A Man with a Ph.D. - Richard Gayle's Weblog
I have my definition. Knowledge allows a business or organization to make a decision. Good KM systems allow you to make good decisions. Decisions require an interaction of human beings, with each other and with the environment. KM systems need to get information to people, allowing them to create knowledge which can lead to decisions. No information, no people, no knowledge and no decisions.
Somehow I missed this in my aggregator and only discovered it through an ego search via Technorati's Cosmos.
This is exactly my boss' definition, and I have taken on a lot of this for myself. If the business can't make well-educated decisions, then it is in deep trouble.
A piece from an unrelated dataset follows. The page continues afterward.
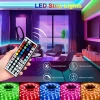 Best price outdoor remote rgb adjustable flexible strips wholesale led light strip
Seat-of-the-pants decision making will only get you so far.
Once you have decided that you need to make good decisions, you need to describe just what it is that the business needs to make decisions. Maybe not the gory details, but more along the lines of the nature of the knowledge (or information or data). Of course, it is likely that different classes of decisions will have different classes of knowledge needs.
Further, the decision-making description above misses (or hides) the idea that KM should smooth out wrinkles for knowledge workers. Improve the knowledge workers' processes for creating, using, distributing and protecting knowledge. This is where Jim McGee expressed concern.
Update Sept 2005: Corrected archival link to Richard Gayle's site.